Dataset extract Start Marker

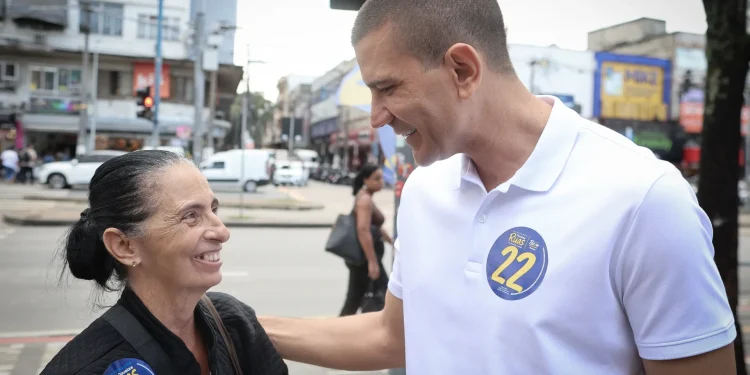 Douglas Ruas promete criar balcão único para empresas e linha de crédito para mulheres no RJ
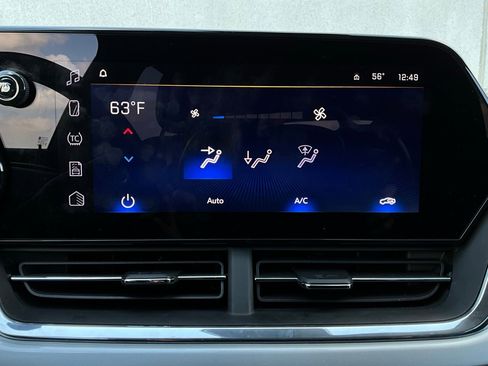 Used 2025 Chevrolet Trax LT image 28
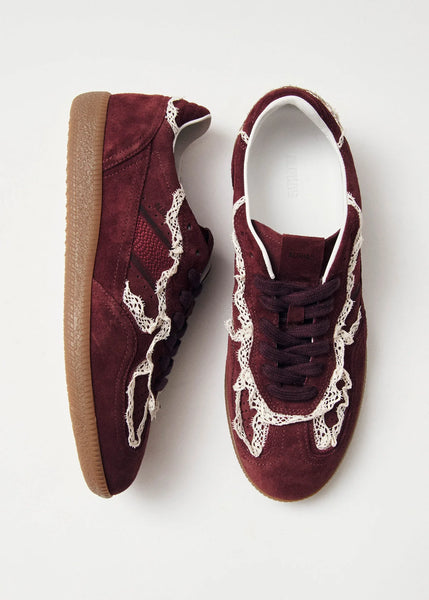 TB. 490 Crochet Burgundy Suede Sneakers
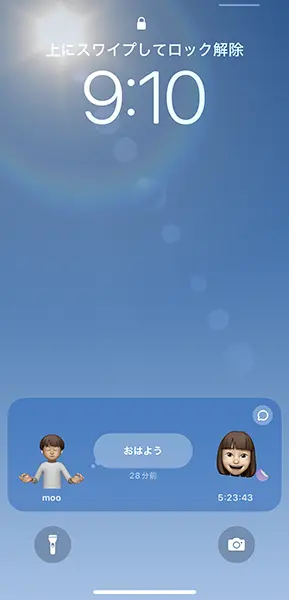 iPhoneロック画面に表示された、SNSアプリ「Vibes Widget」のライブアクティビティ表示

Dataset extract End Marker

**Exercise:** Pictures stay out of this copy. Retype exactly the lines from the one with "TB. 490 Crochet Burgundy Suede Sneakers" through the last line of the data, both ends included, and nothing more.

**Solution for this exercise:**
 TB. 490 Crochet Burgundy Suede Sneakers
 iPhoneロック画面に表示された、SNSアプリ「Vibes Widget」のライブアクティビティ表示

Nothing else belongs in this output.